There appears to be quite a few outliers in the K distributions, as it has values that deviate quite far from the distribution. Some of these distributions at first glance may seem like they have outliers but they contain large amounts of 0’s which implies some bimodal distribution, with and without 0s. A few of the predictors have slight skewness. ignoring the 0s, Al , Ri, and Na, all have slight right skewness.
Are there any relevant transformations of one or more predictors that might improve the classification model?
Some of the transformations that may be applied include dummifying the type variable, as well as adjusting the distributions of some of the numeric variables via boxcox transformation to be slightly normal. also creating a feature that isolates 0’s from measured values may be useful
Investigate the frequency distributions for categorical predictors. Are any of the distributions degenerate in the ways discussed earlier in the chapter?

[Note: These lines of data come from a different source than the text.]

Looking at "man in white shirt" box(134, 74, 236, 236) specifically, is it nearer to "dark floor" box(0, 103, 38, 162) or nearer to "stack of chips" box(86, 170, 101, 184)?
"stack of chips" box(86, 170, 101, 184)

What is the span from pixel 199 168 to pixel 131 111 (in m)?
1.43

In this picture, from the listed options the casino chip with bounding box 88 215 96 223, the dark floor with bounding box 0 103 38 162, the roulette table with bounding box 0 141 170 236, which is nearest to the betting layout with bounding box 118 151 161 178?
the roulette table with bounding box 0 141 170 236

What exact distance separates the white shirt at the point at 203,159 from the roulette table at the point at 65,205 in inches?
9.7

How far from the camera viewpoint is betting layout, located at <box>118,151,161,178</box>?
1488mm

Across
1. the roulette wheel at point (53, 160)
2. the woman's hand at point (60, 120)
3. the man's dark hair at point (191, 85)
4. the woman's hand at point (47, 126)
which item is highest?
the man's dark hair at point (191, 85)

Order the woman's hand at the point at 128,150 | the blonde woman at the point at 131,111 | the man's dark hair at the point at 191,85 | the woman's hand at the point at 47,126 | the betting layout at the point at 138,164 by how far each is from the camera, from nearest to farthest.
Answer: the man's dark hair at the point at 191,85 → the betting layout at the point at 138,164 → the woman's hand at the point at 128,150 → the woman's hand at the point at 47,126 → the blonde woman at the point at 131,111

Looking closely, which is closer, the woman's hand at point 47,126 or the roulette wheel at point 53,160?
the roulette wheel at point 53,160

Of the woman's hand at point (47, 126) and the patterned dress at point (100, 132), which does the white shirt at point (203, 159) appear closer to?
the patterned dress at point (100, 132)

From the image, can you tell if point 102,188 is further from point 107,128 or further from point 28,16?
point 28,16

Yes, based on the figure below, Many of the categorical values are missing information and additionally, many of the predictors are likely not descriptive enough to be useful in a model (low variance). The variables that have low variance are shown below and are leaf.mild, mycelium, and sclerotia with uniqueness values less than 0.5%
data("Soybean")
caret::nearZeroVar(Soybean, saveMetrics = T) %>%
filter(nzv == T) %>% kableExtra::kable()
| freqRatio | percentUnique | zeroVar | nzv | |
|---|---|---|---|---|
| leaf.mild | 26.75 | 0.4392387 | FALSE | TRUE |
| mycelium | 106.50 | 0.2928258 | FALSE | TRUE |
| sclerotia | 31.25 | 0.2928258 | FALSE | TRUE |
plot_bar(Soybean, theme_config = defaulttheme)
Roughly 18% of the data are missing. Are there particular predictors that are more likely to be missing? is the pattern of missing data related to the classes?

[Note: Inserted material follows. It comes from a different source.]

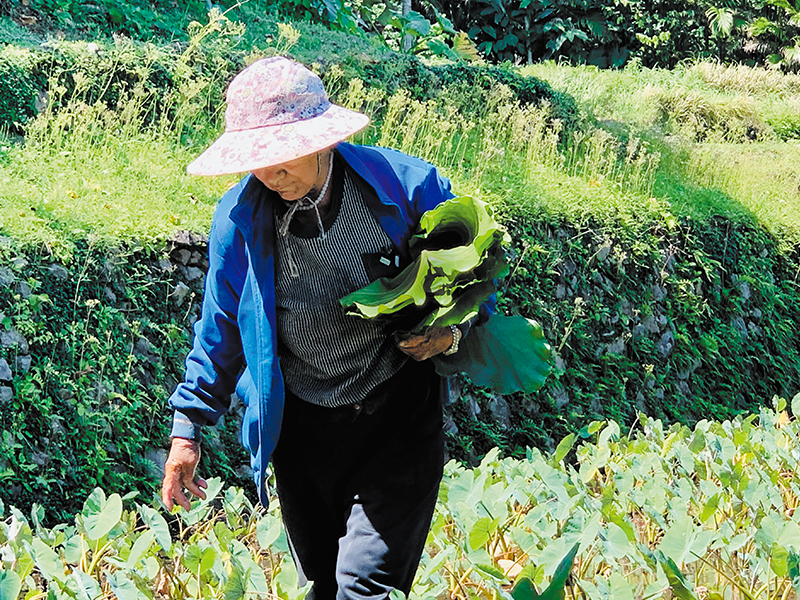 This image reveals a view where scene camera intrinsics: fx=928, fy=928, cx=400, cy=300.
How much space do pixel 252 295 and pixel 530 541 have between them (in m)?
1.29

We are able to visualize the amount of missing data and the percentage of each class that is missing data in the figure below. The data shows that many of the missing values are coincident with missing values for other features and may be a product of how the data was collected for specific observation events.
vis_miss(Soybean)
Develop a strategy for handling missing data, either by eliminating predictors or imputation.

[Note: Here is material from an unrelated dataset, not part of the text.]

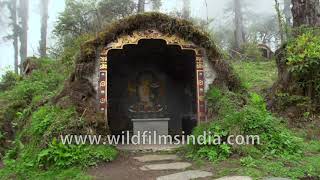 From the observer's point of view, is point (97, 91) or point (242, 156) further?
point (97, 91)

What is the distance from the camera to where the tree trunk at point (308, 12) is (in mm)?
11281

Those observations where majority of the features are missing information would likely be stripped from evaluation rather than attempting imputations across the entire spread. some threshold value such as “If 50% of features are missing for a given observation, remove observation”. Cases where only one or a few features are missing for an observation, we may attempt different imputation methods and see what may provide the best results across bootstrapped test/train sets. Some of these methods might include, median, mean, knn, linear reg, or random forest imputation.